Dataset entries
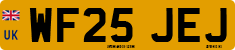 License plate of the United Kingdom, 2001 year system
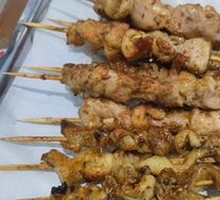 Grilled Chicken Skewers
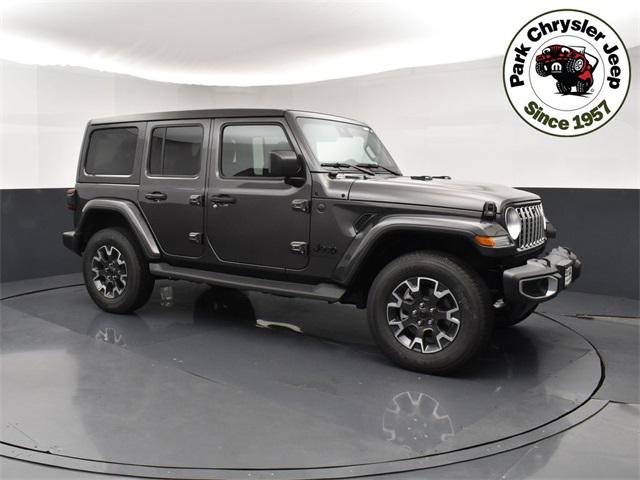 2025 Jeep Wrangler WRANGLER 4-DOOR SAHARA 2025 Jeep Wrangler WRANGLER 4-DOOR SAHARA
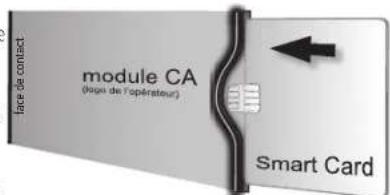 LOEWE MODUS L 42 - Mise en place du Module Conditional-Access - 1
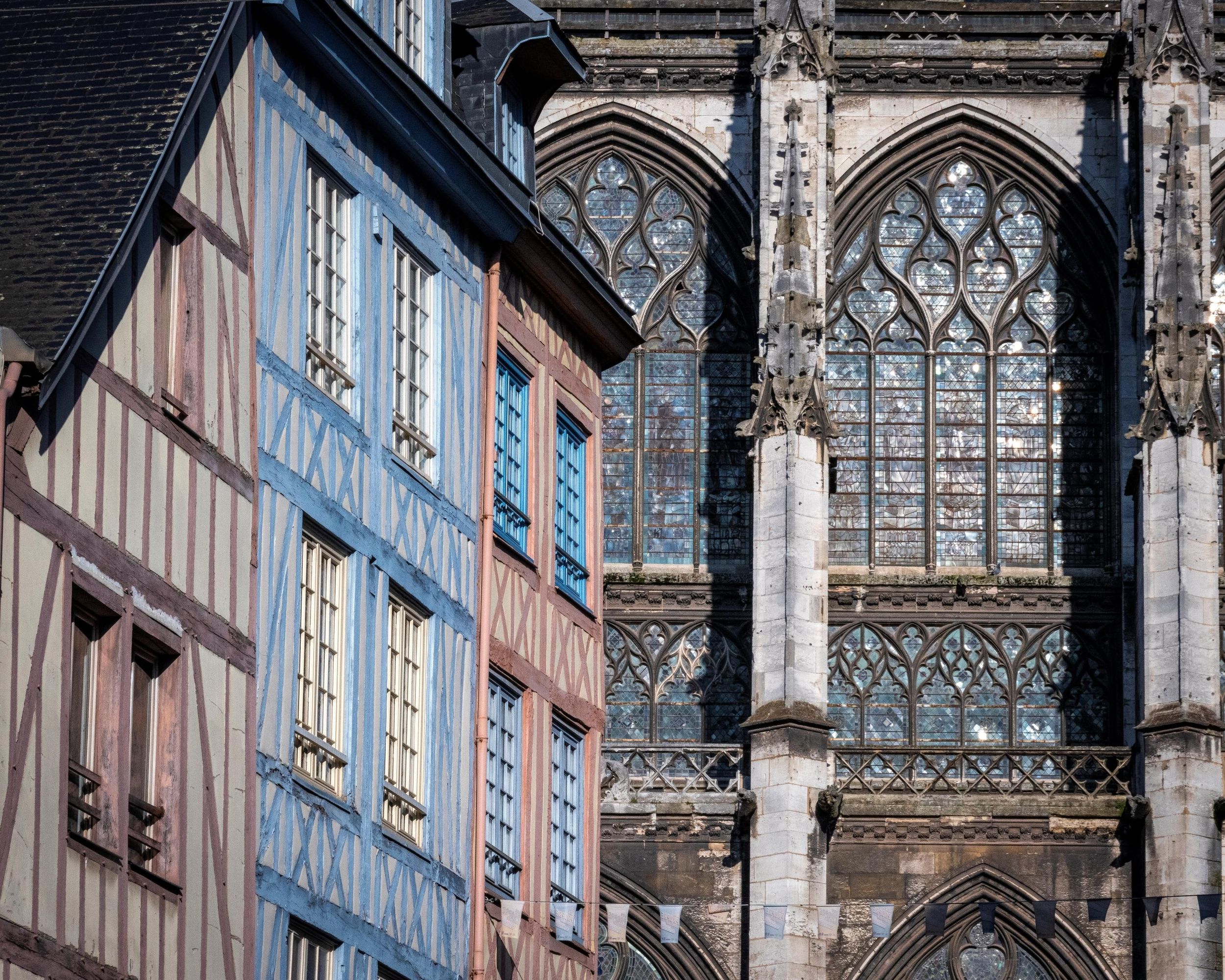 Die offizielle 1-stündige englische Tour zu den wichtigsten Sehenswürdigkeiten von Rouen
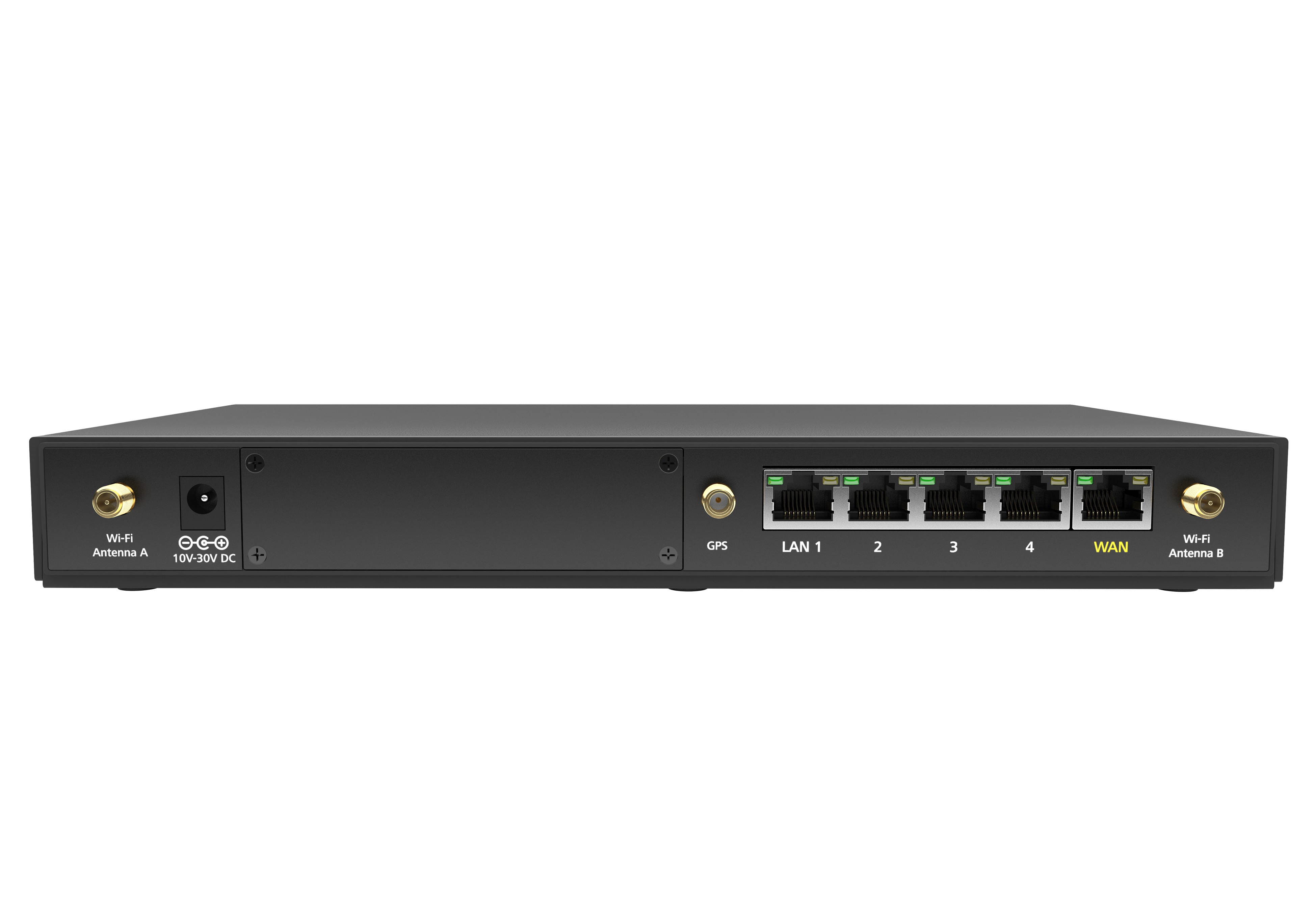 Peplink Balance 20X Router with PrimeCare - 1x GE WAN ports, 4x GE LAN ports and 1x LTE modem (CAT-4)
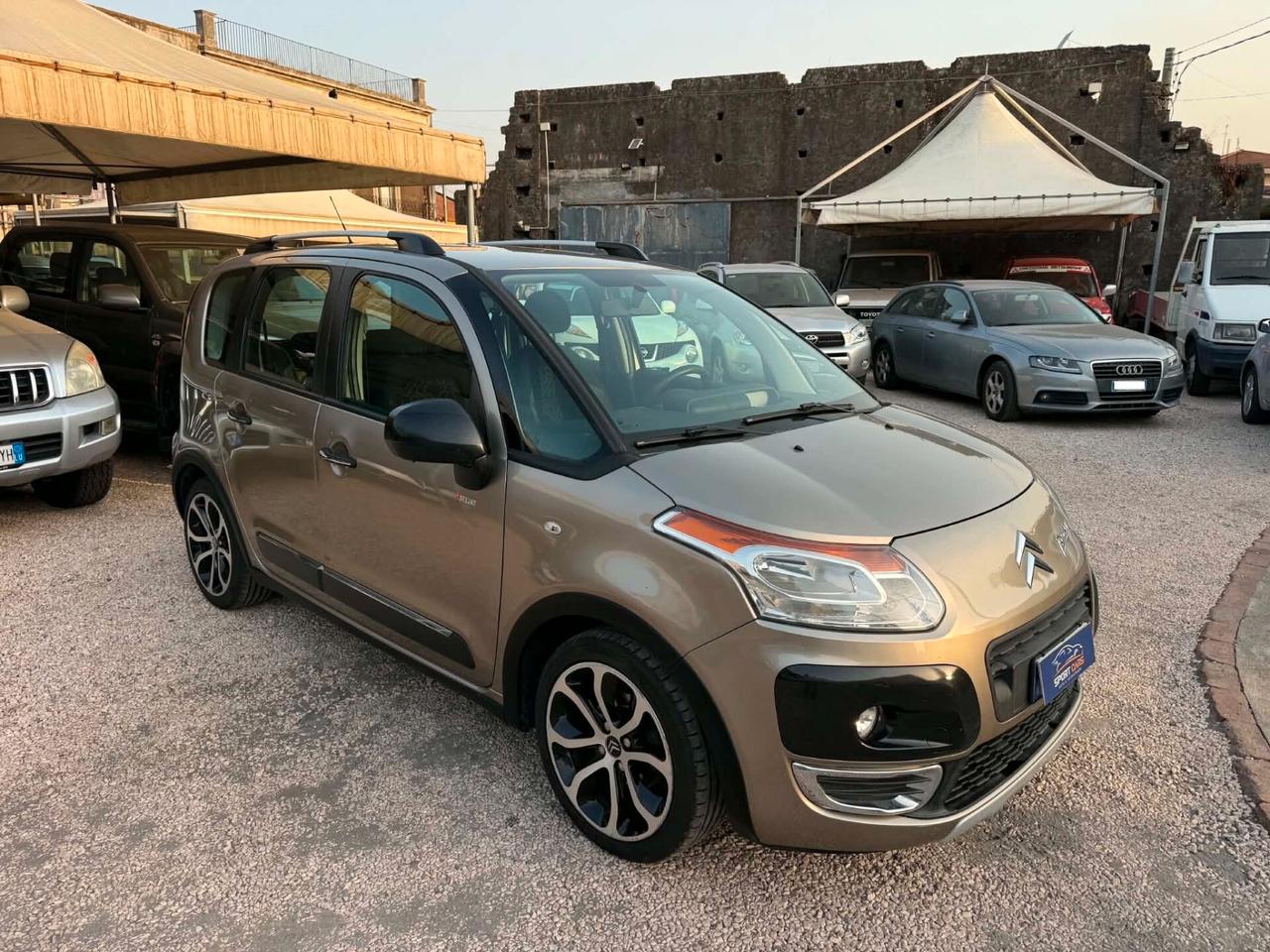 Citroen C3 Picasso 1.6 HDi 90 Exclusive Theatre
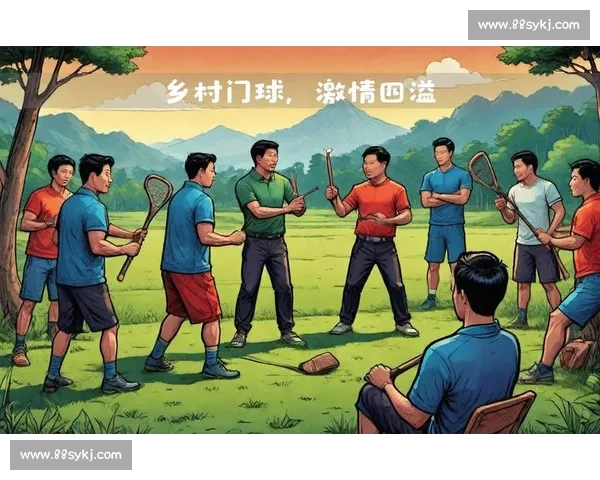 激情四溢共谱门球赛新篇章 开幕式致辞与赛事展望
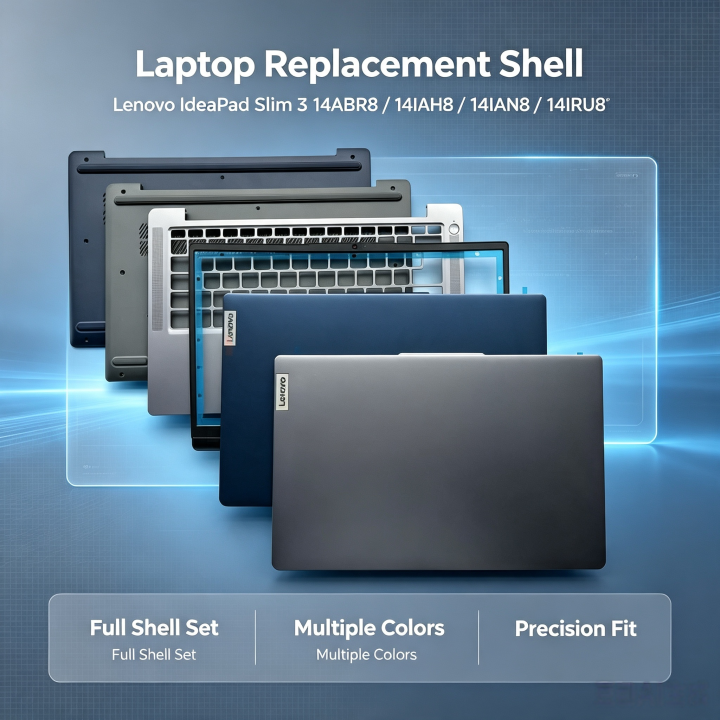 For Lenovo IdeaPad Slim 3 14ABR8 IAH8 IAN8 IRH8 Series Laptop Top Back ...
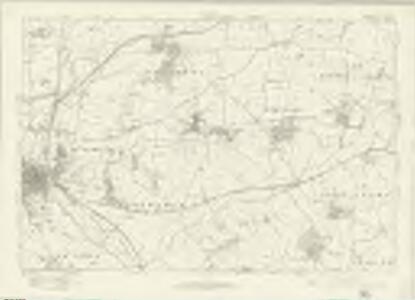 Northamptonshire LVIII - OS Six-Inch Map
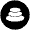 Bal Icon from Cryptocurrency Black Set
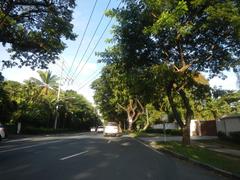 San Antonio Plaza on McKinley Road in Forbes Park, Makati City
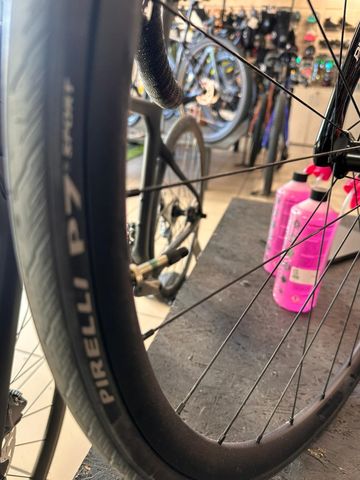 Brugt Pinarello NYTRO E5 ROAD - 105 Di2 2024 2024 Road & Gravel — billede 6 af 10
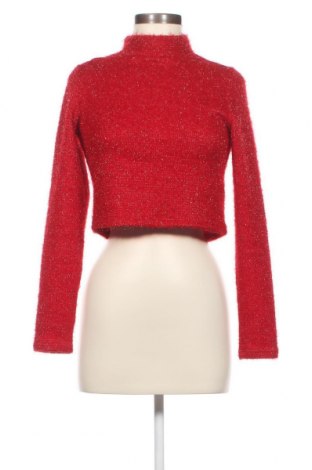 Дамска блуза H&M Divided, Размер S, Цвят Червен, Цена 10,45 лв.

#### [Exercise requirements]
Word for word, set down every line of the records above, and leave the pictures out.

#### [Answer below]
 License plate of the United Kingdom, 2001 year system
 Grilled Chicken Skewers
 2025 Jeep Wrangler WRANGLER 4-DOOR SAHARA 2025 Jeep Wrangler WRANGLER 4-DOOR SAHARA
 LOEWE MODUS L 42 - Mise en place du Module Conditional-Access - 1
 Die offizielle 1-stündige englische Tour zu den wichtigsten Sehenswürdigkeiten von Rouen
 Peplink Balance 20X Router with PrimeCare - 1x GE WAN ports, 4x GE LAN ports and 1x LTE modem (CAT-4)
 Citroen C3 Picasso 1.6 HDi 90 Exclusive Theatre
 激情四溢共谱门球赛新篇章 开幕式致辞与赛事展望
 For Lenovo IdeaPad Slim 3 14ABR8 IAH8 IAN8 IRH8 Series Laptop Top Back ...
 Northamptonshire LVIII - OS Six-Inch Map
 Bal Icon from Cryptocurrency Black Set
 San Antonio Plaza on McKinley Road in Forbes Park, Makati City
 Brugt Pinarello NYTRO E5 ROAD - 105 Di2 2024 2024 Road & Gravel — billede 6 af 10
 Дамска блуза H&M Divided, Размер S, Цвят Червен, Цена 10,45 лв.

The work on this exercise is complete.